Across David Diao’s sprawling, allusive body of work, color is a constant—wielded in service of his paintings’ conceptual rigor and as the source of their visceral appeal. This focused survey is the first to center on the artist’s elegantly brazen way with color, charting the range of perceptual, semantic, and symbolic uses to which it has been put over fifty years.
The earliest work on view dates to the 1970s and typifies the era’s process-based abstraction, distilling the material properties of color through a visible economy of means. Foundational paintings such as 1971–A were made using discarded cardboard tubes, found near Diao’s Soho studio when the neighborhood still housed a thriving textile industry. Running an electrical conduit through their centers (to use as a handle), Diao converted the tubes into ad hoc squeegees, which spread the paint in even, near-mechanical swathes that he calls “lightweight extensions of my reach.” By outsourcing compositional decisions to this makeshift tool—which dictated the width of the canvas, the span of each hue, and the paint’s skittering application—Diao distanced both his hand and his taste, leaving color as “the only subjective element remaining” to signal the artist’s presence behind the picture.
In the wake of post-painterly experiments such as these, Diao cycled through various hard-edged styles, unsatisfied with a purely formal approach but unsure of what came next. Following an extended hiatus from art, he reemerged with works like Glissement (1984)—paintings that motivate abstraction through explicit reference to the history of modernism. The work appropriates Kazimir Malevich’s iconic 1915 photograph of his Suprematist installation at the famed 0, 10 exhibition—an image that, as Diao notes, “appears in every textbook on abstract art.” Skewed red squares representing Malevich’s twenty-one canvases seem to float atop Diao’s own, backed by a separate layer of geometries that depict the same works in grayscale from an altered perspective. The painting’s title—French for “slippage”—alludes to the method behind the work: Diao projected the Malevich photograph and traced the works’ outlines, then shifted the projector off-register to trace them again, creating a spatial ambiguity that gestures toward conflicts that animated modernism at its birth. For Diao, that historical tether to the outside world was a breakthrough. “Since 1985, if not earlier, I have sought to question that abstract painting has no referent other than itself,” he has said. “Almost all my work has a backstory.”

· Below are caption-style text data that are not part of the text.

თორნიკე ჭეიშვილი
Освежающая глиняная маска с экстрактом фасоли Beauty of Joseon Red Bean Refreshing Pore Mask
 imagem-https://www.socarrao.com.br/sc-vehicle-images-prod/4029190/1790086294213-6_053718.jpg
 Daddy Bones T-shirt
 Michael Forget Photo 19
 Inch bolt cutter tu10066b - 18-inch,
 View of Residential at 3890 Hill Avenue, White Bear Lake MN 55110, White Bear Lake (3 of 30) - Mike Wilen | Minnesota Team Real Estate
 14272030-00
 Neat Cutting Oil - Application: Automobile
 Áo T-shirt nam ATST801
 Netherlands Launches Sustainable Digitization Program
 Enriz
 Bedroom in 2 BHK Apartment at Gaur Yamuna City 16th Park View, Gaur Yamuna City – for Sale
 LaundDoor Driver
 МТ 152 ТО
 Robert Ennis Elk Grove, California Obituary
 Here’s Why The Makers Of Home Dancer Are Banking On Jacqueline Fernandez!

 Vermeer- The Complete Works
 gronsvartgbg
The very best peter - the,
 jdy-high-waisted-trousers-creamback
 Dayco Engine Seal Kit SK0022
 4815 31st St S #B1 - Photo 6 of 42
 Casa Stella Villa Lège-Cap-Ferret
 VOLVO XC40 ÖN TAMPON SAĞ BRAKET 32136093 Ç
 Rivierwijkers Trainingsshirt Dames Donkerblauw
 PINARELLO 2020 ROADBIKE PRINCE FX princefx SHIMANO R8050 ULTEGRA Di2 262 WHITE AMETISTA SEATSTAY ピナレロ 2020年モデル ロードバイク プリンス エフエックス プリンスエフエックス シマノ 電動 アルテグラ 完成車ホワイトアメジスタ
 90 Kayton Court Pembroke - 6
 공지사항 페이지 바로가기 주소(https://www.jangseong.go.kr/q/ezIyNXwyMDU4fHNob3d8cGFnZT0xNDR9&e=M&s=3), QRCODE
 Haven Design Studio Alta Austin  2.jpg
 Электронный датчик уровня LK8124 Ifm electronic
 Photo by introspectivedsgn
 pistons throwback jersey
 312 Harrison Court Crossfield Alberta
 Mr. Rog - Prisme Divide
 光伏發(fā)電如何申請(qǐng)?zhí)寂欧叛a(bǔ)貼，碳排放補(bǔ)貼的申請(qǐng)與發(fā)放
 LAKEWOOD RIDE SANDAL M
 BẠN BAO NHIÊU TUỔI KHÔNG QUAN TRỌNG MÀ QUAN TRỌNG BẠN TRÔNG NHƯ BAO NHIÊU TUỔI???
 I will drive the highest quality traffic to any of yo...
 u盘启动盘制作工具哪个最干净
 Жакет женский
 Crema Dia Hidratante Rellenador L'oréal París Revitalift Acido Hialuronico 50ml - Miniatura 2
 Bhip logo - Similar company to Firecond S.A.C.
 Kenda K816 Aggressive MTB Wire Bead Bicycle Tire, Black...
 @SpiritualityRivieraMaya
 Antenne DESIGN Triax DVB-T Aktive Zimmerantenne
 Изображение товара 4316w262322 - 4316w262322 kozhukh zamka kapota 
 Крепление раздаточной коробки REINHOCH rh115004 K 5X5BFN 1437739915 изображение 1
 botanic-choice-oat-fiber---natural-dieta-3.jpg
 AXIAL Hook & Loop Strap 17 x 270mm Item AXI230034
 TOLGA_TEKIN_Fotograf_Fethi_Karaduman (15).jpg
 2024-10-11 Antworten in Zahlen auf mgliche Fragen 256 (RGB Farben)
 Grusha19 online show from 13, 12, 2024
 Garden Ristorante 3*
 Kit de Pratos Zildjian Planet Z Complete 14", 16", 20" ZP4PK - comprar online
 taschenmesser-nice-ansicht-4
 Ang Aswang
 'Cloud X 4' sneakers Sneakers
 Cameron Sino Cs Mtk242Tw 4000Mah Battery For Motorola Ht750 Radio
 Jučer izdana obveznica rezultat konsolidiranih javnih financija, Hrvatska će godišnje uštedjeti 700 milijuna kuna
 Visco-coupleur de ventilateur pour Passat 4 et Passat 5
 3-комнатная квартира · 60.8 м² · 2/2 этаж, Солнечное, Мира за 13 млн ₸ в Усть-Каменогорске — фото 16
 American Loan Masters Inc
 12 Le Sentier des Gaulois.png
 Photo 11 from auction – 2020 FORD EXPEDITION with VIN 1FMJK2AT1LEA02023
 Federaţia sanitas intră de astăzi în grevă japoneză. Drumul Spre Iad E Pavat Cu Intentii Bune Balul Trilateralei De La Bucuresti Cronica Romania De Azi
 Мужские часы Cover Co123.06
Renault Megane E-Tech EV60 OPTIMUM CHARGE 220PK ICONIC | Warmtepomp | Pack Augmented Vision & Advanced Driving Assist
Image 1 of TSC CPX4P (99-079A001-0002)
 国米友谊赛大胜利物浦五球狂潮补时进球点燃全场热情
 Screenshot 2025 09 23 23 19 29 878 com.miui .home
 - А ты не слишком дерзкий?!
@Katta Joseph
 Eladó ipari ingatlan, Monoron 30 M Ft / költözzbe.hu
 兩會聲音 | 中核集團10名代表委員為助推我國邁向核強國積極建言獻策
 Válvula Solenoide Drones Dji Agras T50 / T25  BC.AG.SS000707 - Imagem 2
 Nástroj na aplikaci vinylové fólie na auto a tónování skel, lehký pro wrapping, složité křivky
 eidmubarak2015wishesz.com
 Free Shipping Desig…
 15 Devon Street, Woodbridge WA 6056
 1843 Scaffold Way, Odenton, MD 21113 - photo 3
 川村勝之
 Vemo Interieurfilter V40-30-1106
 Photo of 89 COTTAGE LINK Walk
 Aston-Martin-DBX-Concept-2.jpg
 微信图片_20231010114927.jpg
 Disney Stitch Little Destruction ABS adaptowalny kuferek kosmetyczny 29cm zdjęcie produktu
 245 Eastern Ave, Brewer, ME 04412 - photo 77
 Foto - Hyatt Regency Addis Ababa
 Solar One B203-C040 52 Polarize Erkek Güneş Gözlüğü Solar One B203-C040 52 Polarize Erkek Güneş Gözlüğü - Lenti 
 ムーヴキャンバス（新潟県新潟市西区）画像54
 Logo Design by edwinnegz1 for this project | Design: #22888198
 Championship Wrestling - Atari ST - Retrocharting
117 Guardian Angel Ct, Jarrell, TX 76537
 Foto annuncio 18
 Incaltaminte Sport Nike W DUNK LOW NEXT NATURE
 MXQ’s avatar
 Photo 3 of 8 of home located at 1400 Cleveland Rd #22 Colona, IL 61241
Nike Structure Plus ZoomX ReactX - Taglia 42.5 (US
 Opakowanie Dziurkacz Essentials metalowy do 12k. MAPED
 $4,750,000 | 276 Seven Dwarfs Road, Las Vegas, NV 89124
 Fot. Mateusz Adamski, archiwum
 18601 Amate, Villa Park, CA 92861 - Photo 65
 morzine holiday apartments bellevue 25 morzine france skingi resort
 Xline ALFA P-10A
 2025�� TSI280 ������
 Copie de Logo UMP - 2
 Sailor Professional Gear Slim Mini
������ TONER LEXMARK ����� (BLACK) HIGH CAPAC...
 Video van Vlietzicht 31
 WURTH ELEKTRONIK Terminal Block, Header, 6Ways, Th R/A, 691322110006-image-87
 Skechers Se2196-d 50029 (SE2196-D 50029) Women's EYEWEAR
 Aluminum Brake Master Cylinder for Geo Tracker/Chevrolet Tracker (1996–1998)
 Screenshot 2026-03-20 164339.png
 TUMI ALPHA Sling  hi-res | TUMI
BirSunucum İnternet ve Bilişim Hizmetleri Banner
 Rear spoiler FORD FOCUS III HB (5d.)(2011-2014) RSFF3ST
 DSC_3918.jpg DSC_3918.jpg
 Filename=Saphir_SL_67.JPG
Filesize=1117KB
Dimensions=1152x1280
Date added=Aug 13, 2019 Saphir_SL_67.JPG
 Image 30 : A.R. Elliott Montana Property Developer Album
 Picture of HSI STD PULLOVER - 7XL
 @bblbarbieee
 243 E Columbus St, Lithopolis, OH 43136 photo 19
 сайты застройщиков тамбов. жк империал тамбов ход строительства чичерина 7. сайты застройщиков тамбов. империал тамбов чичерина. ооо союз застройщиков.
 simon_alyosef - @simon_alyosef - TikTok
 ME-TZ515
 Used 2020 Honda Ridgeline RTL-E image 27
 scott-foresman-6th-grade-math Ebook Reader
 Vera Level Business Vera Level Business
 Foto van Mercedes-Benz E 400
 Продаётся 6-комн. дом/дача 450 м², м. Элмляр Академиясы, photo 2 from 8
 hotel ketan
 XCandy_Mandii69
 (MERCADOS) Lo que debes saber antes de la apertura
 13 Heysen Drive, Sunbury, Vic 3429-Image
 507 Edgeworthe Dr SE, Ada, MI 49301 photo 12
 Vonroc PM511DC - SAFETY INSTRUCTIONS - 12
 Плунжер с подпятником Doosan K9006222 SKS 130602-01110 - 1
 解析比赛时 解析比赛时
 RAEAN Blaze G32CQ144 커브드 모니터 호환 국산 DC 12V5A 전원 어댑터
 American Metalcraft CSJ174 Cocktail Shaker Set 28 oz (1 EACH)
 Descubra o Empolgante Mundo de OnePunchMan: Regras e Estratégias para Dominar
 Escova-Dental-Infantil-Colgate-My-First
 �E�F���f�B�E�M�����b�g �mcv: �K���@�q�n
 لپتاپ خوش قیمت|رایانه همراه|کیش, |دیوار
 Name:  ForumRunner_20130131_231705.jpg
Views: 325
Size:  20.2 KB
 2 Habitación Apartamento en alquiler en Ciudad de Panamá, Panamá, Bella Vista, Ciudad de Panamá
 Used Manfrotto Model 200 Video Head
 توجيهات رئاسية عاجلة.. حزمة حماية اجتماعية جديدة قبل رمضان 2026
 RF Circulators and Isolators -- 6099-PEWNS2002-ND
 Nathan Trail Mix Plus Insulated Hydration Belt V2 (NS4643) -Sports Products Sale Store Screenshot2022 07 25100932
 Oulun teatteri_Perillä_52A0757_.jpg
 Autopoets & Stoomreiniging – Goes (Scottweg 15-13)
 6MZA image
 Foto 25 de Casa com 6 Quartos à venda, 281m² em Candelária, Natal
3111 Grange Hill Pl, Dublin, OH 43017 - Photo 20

Works from the 1990s thus thicken color with layers of reference, exploring the extra-aesthetic meanings of what Fred Moten would call “social chromatism.” Diao’s Yellow Peril series are lemony monochromes that treat color’s racial implications, titled after a slur for the nebulous threat that Asian immigrants were said to pose. The paintings skewer that noxious stereotype by dwelling further on cliché, translating the titular phrase into six languages in a font closely tied to their respective national identities. Color operates as a visual shorthand for the state most succinctly in the form of a flag, and another suite of recent paintings adopts that distinctive tricolor format. Yet Diao’s contrasting solids correspond to no known region or polity, disrupting the flag’s rallying function through his rogue use of off-key color.
That injection of color as a jolt or a lure extends to Diao’s paintings with silkscreened imagery, through which the artist inserts himself into a modernist lineage from which he was otherwise barred. Lying 1 (2000), for instance, depicts Diao lounging in front of an expansive painting—his own artwork in the original photograph swapped out for a Jackson Pollock drip, its staid black-and-white palette redone in searing hues atop a turquoise ground. Fields of bright acrylic recur in Diao’s paintings dedicated to Gerrit Rietveld, whose storied De Stijl designs are literally deconstructed across planes of vibrant color, meticulously laid on with a palette knife and burnished to an even glow. An ongoing series titled Polish Constructivism continues in this vein, reworking a 1929 composition by avant-gardist Władysław Strzemiński—elevating a lesser-known strain of abstraction to question the canon, who it admits and who is excluded. Diao’s aquas and purples signal his distance from the austere high modernism his work channels, transforming that (often spartan) art historical legacy into something both contemporary and personal.